━━ STORED DATA ━━
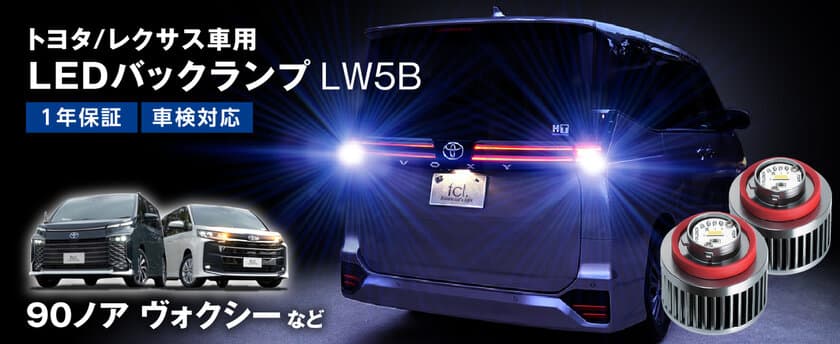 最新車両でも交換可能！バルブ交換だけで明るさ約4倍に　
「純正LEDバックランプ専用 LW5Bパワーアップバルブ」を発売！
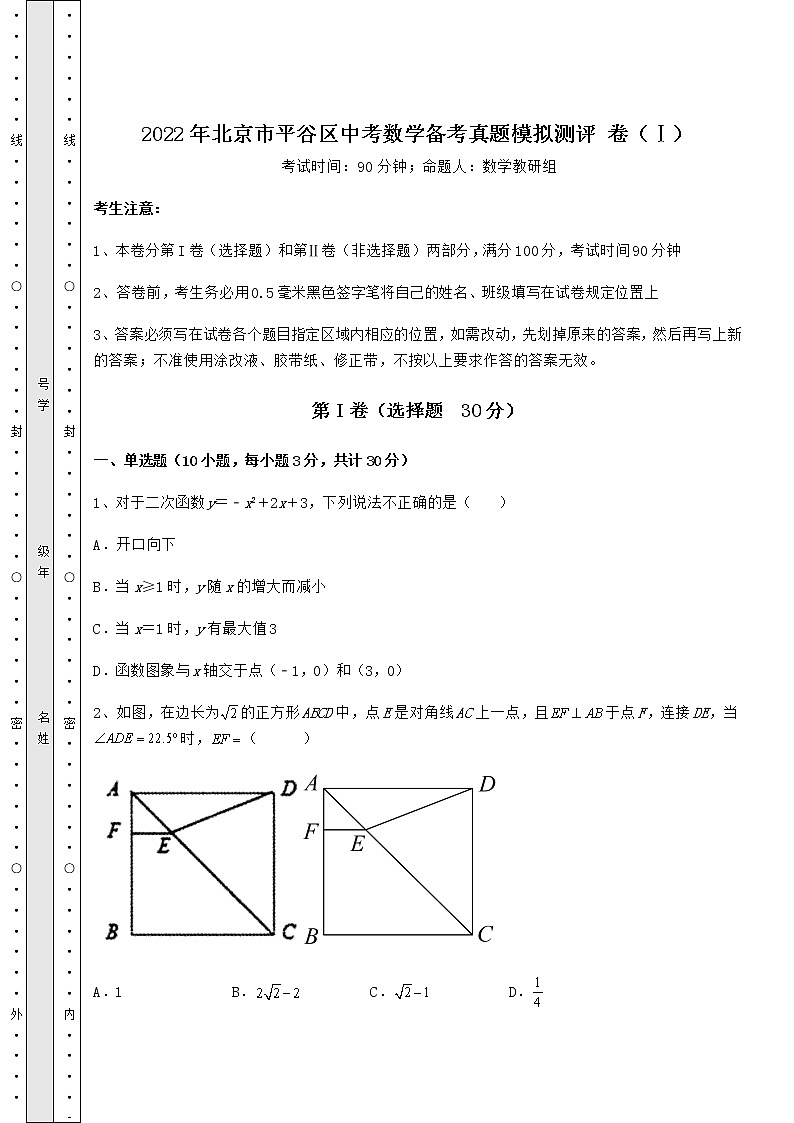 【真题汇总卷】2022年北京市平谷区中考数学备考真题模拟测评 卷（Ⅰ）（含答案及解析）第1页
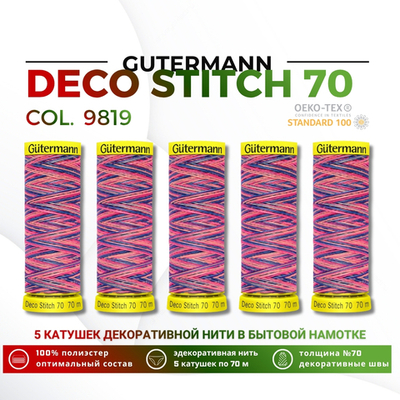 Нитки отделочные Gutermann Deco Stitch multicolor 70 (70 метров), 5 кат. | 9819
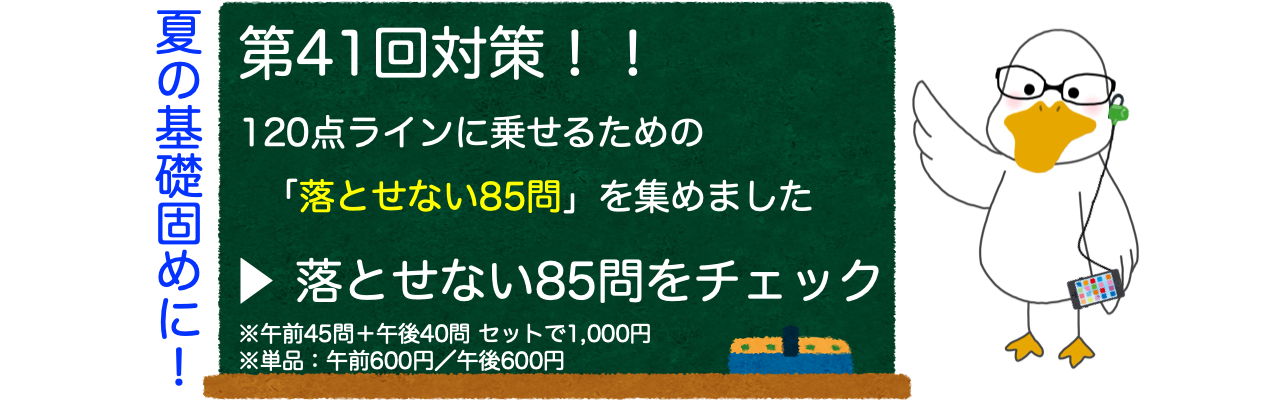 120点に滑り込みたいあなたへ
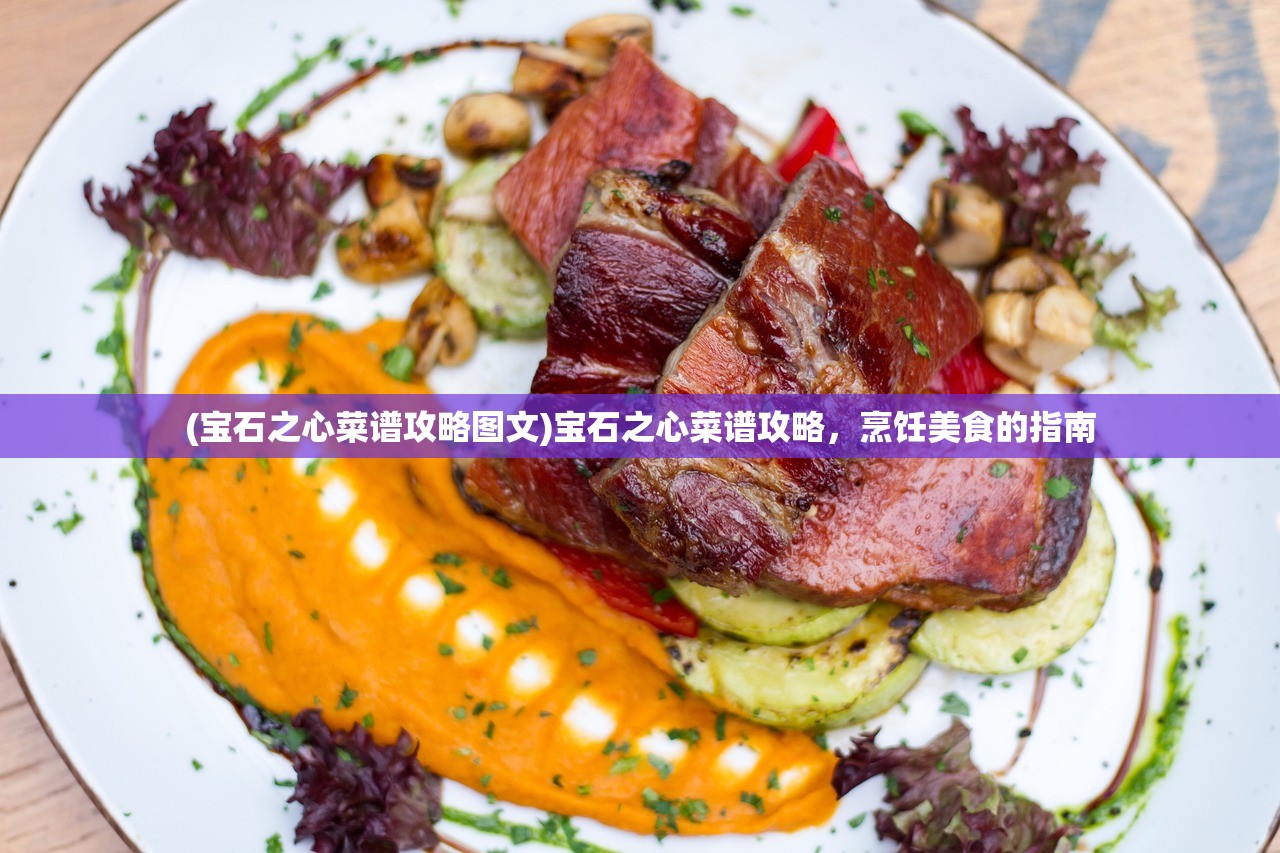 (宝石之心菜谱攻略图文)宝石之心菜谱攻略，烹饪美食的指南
━━━
━━ STORED DATA ━━
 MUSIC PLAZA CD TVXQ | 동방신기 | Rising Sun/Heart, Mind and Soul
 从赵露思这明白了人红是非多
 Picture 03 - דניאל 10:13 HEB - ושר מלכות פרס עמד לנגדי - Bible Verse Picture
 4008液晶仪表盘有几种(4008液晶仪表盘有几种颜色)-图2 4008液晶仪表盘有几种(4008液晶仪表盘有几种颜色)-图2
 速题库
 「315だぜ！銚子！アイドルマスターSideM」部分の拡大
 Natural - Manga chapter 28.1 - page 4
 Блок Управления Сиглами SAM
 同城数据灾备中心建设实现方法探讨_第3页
━━━
━━ STORED DATA ━━
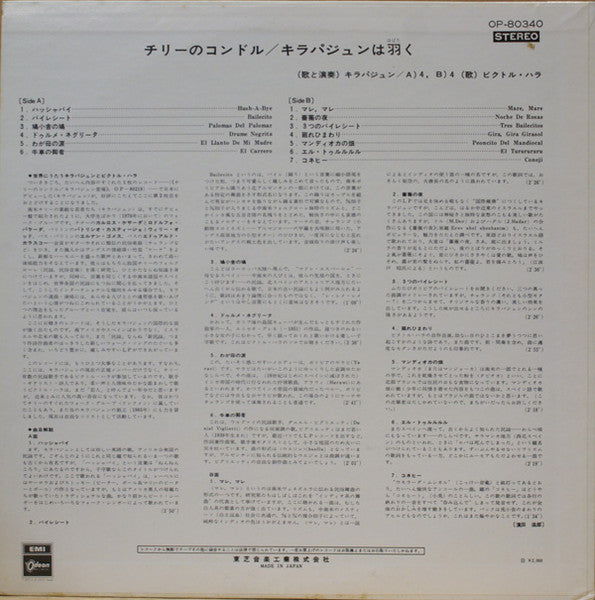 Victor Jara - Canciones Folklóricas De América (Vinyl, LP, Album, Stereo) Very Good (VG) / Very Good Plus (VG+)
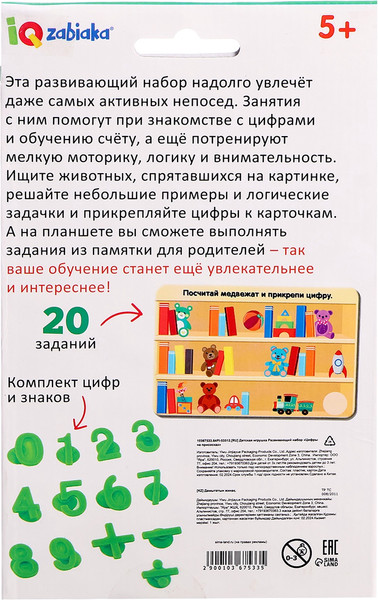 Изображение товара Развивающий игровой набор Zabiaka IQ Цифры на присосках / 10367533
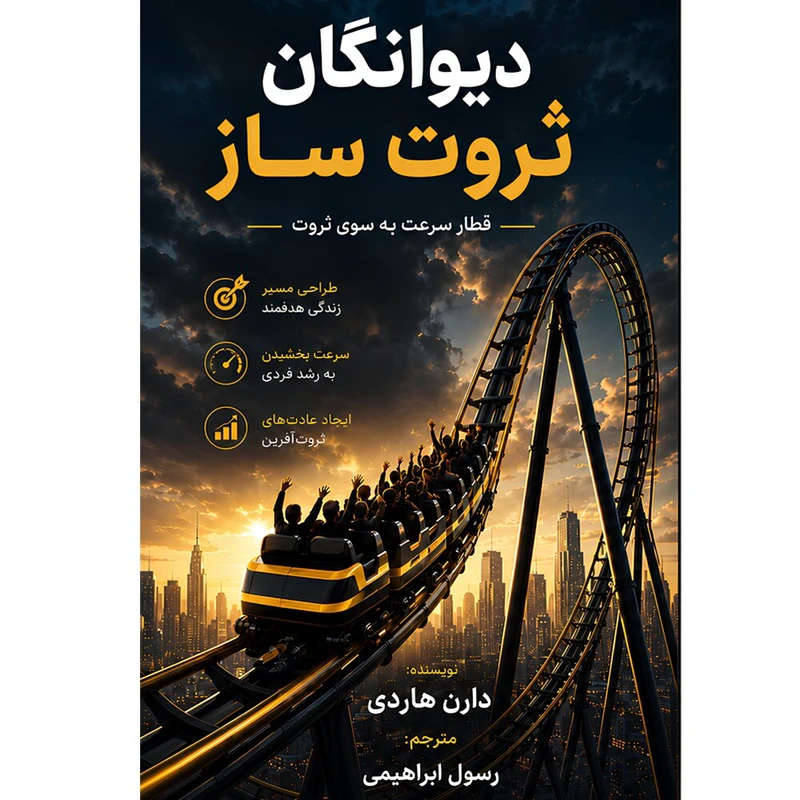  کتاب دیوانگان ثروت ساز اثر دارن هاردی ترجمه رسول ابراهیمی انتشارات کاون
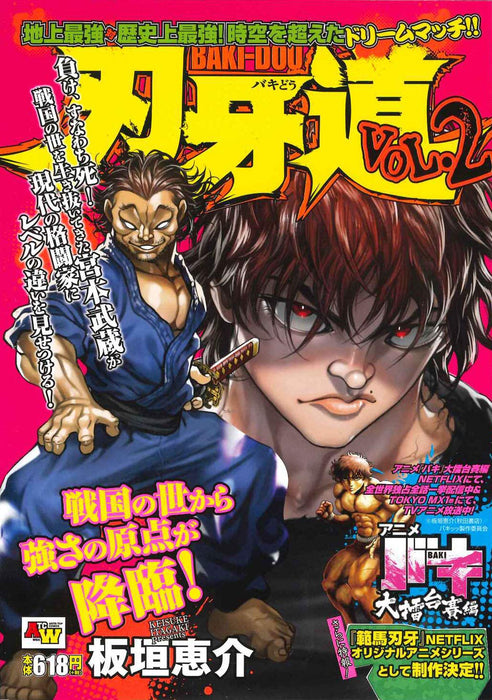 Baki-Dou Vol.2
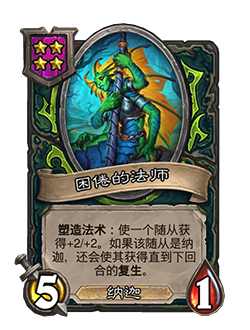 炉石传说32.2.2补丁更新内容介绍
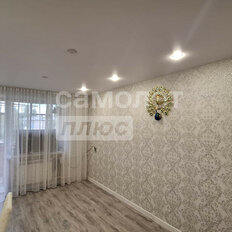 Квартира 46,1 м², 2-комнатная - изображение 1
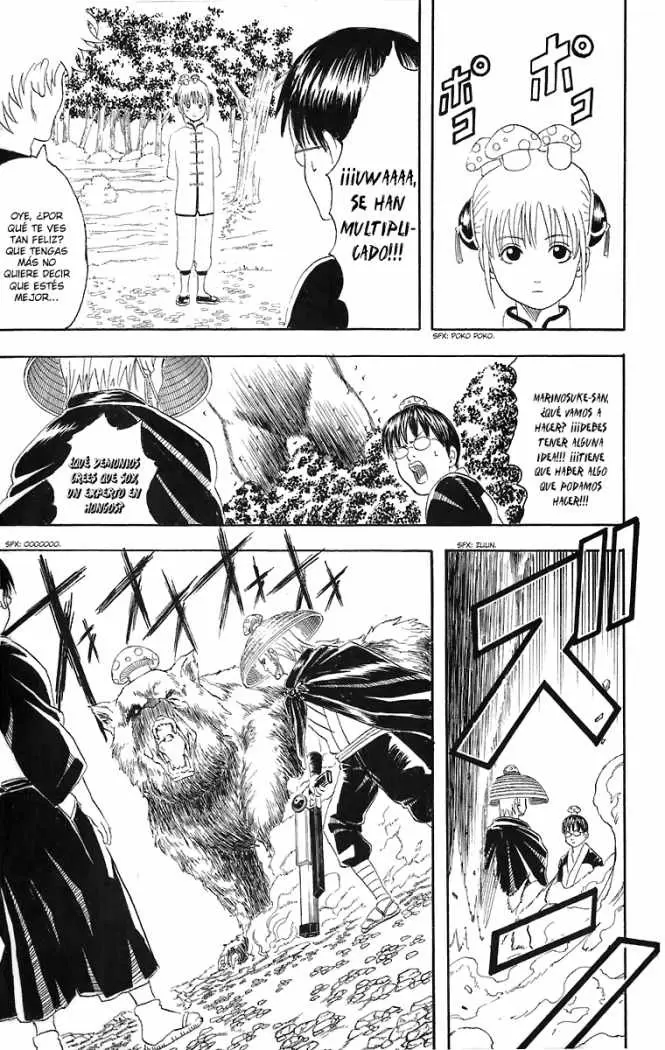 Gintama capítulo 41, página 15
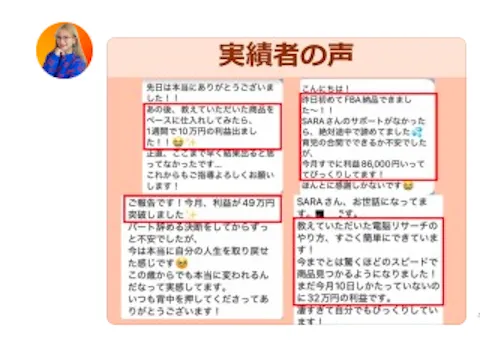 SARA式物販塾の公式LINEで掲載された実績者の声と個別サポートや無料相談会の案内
━━━
_REQUIRED WORK_
Among the entries above, copy exactly only the lines starting with the one containing "Natural - Manga chapter 28.1 - page 4" and going through the one containing "同城数据灾备中心建设实现方法探讨_第3页", both ends included.

_ANSWER TO THIS PROBLEM_
 Natural - Manga chapter 28.1 - page 4
 Блок Управления Сиглами SAM
 同城数据灾备中心建设实现方法探讨_第3页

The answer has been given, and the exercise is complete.